While all student veterans are encouraged to apply for the program, they must meet the following eligibility criteria to be approved:
- A minimum of 180 days of military service
- Submission of a DD-214 for proof of service
- Proof of income to ensure a maximum income threshold is not exceeded
To apply for the program, student veterans may contact the Veteran Resource & Support Center.
The Meals for Vets program, a project of Honor Veterans Now, aims to eliminate hunger in vulnerable military veterans with a focus on those under 60 years of age living in Texas. While the Older Americans Act of 1965 provides funding for people age 60 and over to receive meals, individuals under that age threshold are turned away. Among the general population, it is estimated that nearly 2 million veterans under the age of 60 battle food insecurity and 1.5 million veterans live in poverty. About 33 percent of the nation’s homeless population is comprised of veterans.
Smith, who also directs the Veteran Resource and Support Center at Texas A&M, joined forces with Chartwells, which manages dining services at Texas A&M, to conceptualize the program with several key staff members.
“There are a lot of misconceptions floating around out there about student veteran educational benefits,” Smith said. “The reality is that many student veterans do not receive GI Bill benefits that fully pay tuition and fees, resulting in those student veterans taking care of these expenses out of their monthly military stipends or other income, if any. These stipends typically do not cover basic bills, much less tuition and fees.
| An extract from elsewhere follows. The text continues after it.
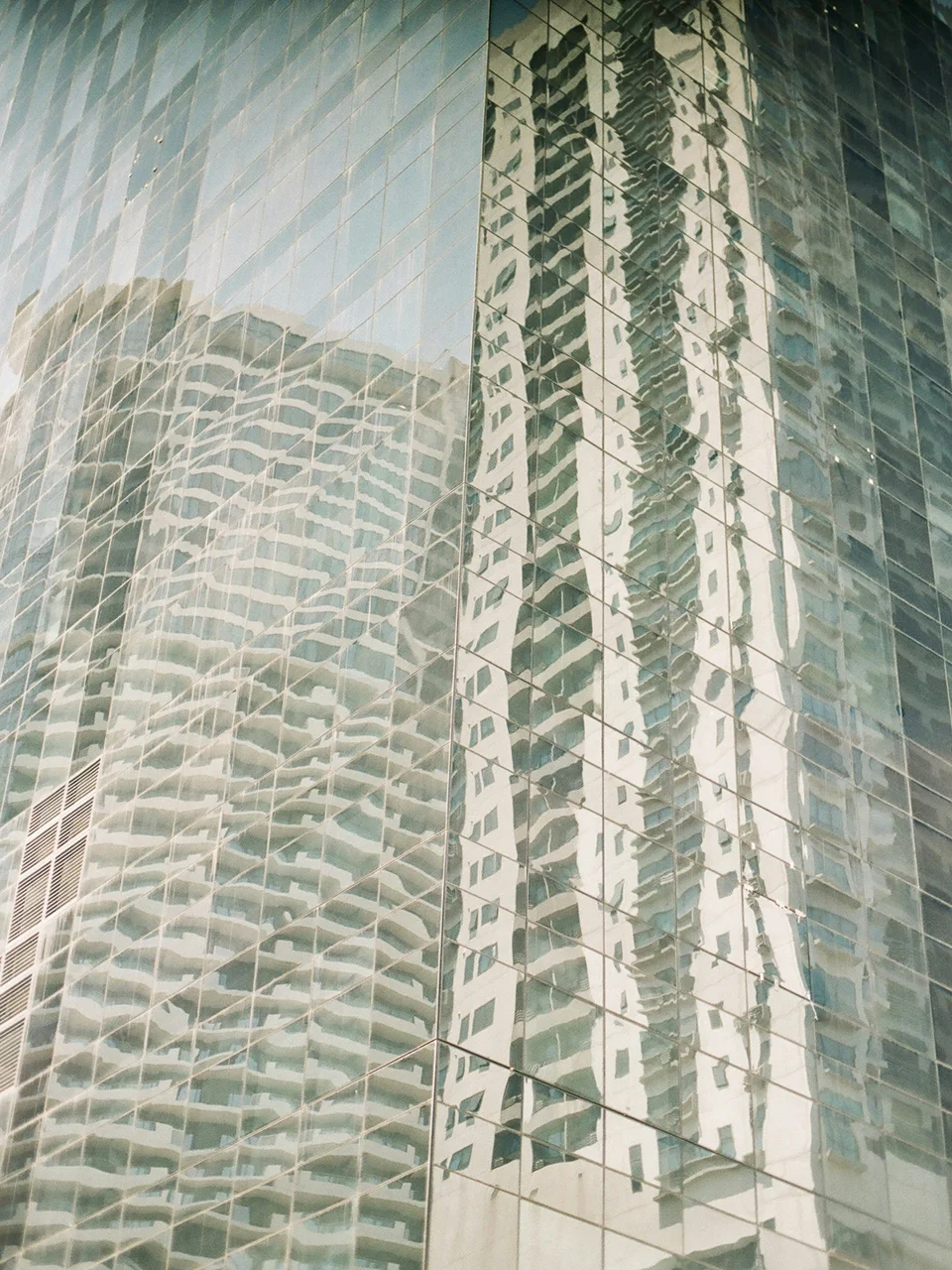 skyline of modern office towers: NABERS is widely adopted for offices and tenants that reduce waste at work can improve NABERS ratings.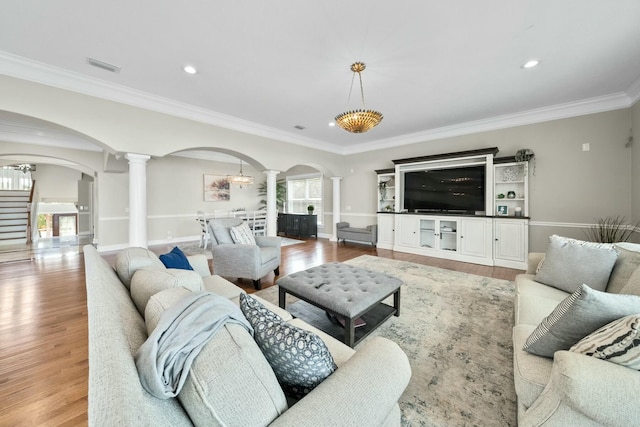 living room with a healthy amount of sunlight, ornate columns, ornamental molding, and light hardwood / wood-style flooring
The harsh truth is that a number of our student veterans struggle to make ends meet, and many of them are also supporting families.”
Chartwells Director of Operations Don Koshis jumped at the chance to be part of this initial campus movement.
“When the Office of Veteran Services approached us about implementing this program, we were eager to partner this fall to fulfill the mission of eliminating hunger for military veterans in the Aggie community,” Koshis said. “At Chartwells, we are committed to bettering lives in every community we touch, and we’re excited to welcome these guests into our dining halls to take charge of their nutrition and overall wellness.”